The celebration came a few months after J. Sterling Morton, a vice-president of the Nebraska State Board of Agriculture, first proposed to the Board that the day be set aside for tree planting and that they should offer a “special premium” or prize for the county and for the person that planted the most trees on that day. The Board approved his resolution. Reportedly, there were more than a million trees planted in the state that first year.
Julius Sterling Morton had moved to the Nebraska Territory in the mid 1850s with his wife, Caroline Joy Morton, and while he worked as a newspaper editor and politician, they both soon became known for their love of trees. An 1885 Nebraska State Historical Society biography describes the greenery at their home, known as Arbor Lodge, as including, “Flowers and flowering shrubs, and vines and evergreens in great abundance… trees of ornament and fruit, hedges and vines and flowers.”
Morton’s reasons for promoting the idea of Nebraskans planting trees were many. He always kept the underlying economic importance of trees in mind, and Shaul E. Cohen, in his book Planting Nature, quotes Morton’s reasoning for Arbor day as both a sentimental occasion for men to enrich themselves, and also an equalizing one since even the poorest landholder in the young state could plant a tree. (“The rain and sunshine and seasons will be his partners,” Morton said, “just as genially and gently as they will be those of any millionaire.”) And, as Nebraska’s Governor explained in his Arbor Day proclamation of 1883 — though the details of how that worked weren’t yet understood — it was held that planting trees could benefit the climate.
But Morton also believed that the beauty of trees was a reason unto itself: “To preserve beauty on the earth, beauty herself beseeches us to plant trees, and renew dead landscapes with the shadow and light of plant life flitting through the pendant limbs, the willowy boughs and the waving foliage of sturdy, yet graceful woods. Our ancestors planted orchards to fruit for us, and homes to give us shelter.”
Morton wasn’t the only one promoting tree planting at the time, but his idea for Arbor Day was quickly adopted in Nebraska and other states, and publicized through newspapers. Soon schools held planting ceremonies and read relevant passages from poetry and literature to mark the day. Arbor Day became a legal holiday in Nebraska in 1885 (April 22nd, to honor Morton’s birthday), and eventually expanded to the U.S. as a whole and even other countries. It’s perhaps not the most famous holiday on the calendar, but 145 years later people are still celebrating it by planting trees.
In 1893, he was made Secretary of Agriculture by President Grover Cleveland, and a few years later the Government Printing Office published a manual on the history and observance of Arbor Day. The report included addresses on the importance and meaning of the occasion from notables, information on how best to plant trees and selected excerpts of poetry and literature about trees. Its author, Nathaniel Hillyer Egleston, noted that “from being only a humble expedient of one of out Western States a few years ago, [Arbor Day] has become a national holiday and one of our most important institutions.” Egleston wrote that Arbor Day could not only teach students the importance of trees to the functioning of society, but also make them into “tree lovers. A tree sentiment will be created and established which will lead us to recognize and cherish the trees as friends.”

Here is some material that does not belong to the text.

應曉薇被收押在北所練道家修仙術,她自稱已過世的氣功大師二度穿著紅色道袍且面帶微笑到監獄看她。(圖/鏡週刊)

In 1907 President Theodore Roosevelt remarked on the occasion, which by then was an annual occurrence in every state, that “a people without children would face a hopeless future; a country without trees is almost as hopeless.”
A century after the holiday was first celebrated, the Arbor Day Foundation was created to continue encouraging people to plant and love trees, and President Nixon proclaimed National Arbor Day. Now the last Friday in April is National Arbor Day, which is when most but not all states celebrate it. Variations are also celebrated with planting all over the world.

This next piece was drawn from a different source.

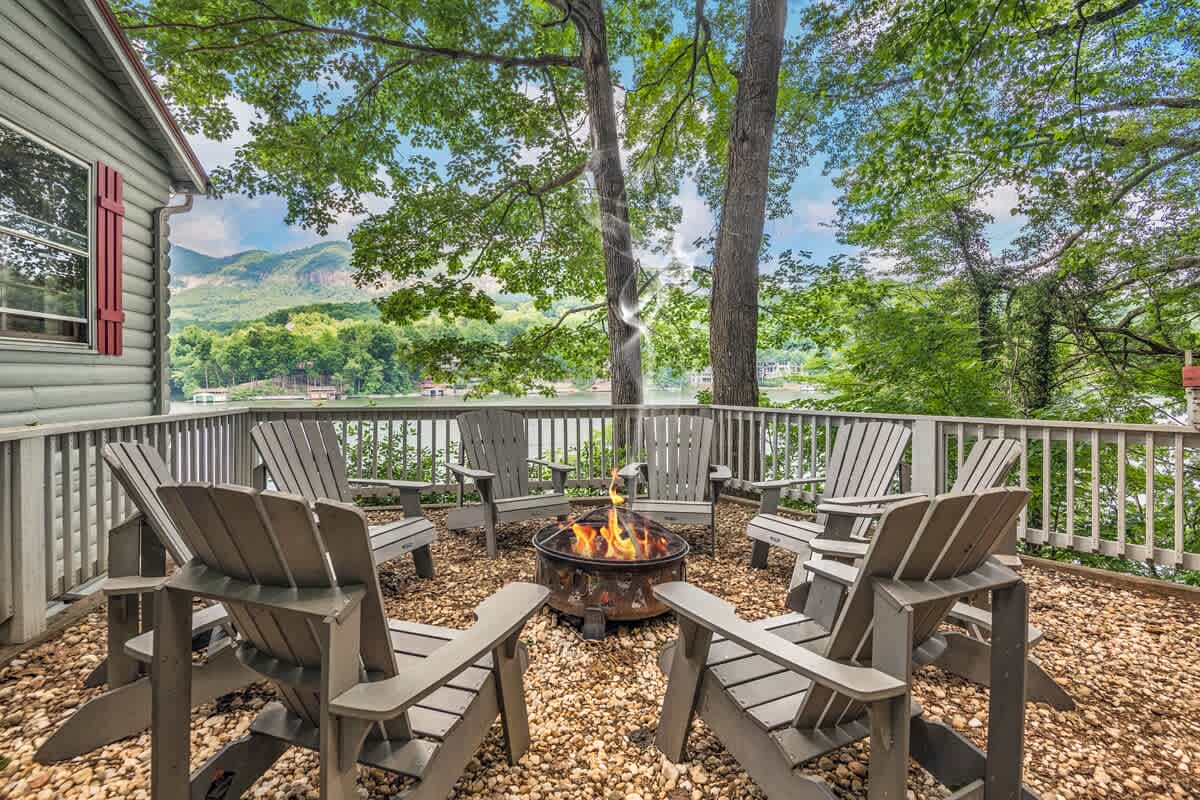 4BR~Mountain Views Firepit | Game Room | Free Tix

Morton, for one, might not be surprised that his idea has endured for so long. In 1887, in an Arbor Day address at the State University at Lincoln, Neb., he noted the why Arbor Day was unusual among holidays: “Each of those reposes upon the past, while Arbor Day proposes for the future. It contemplates, not the good and the beautiful of past generations, but it sketches, outlines, establishes the useful and the beautiful for the ages yet to come.”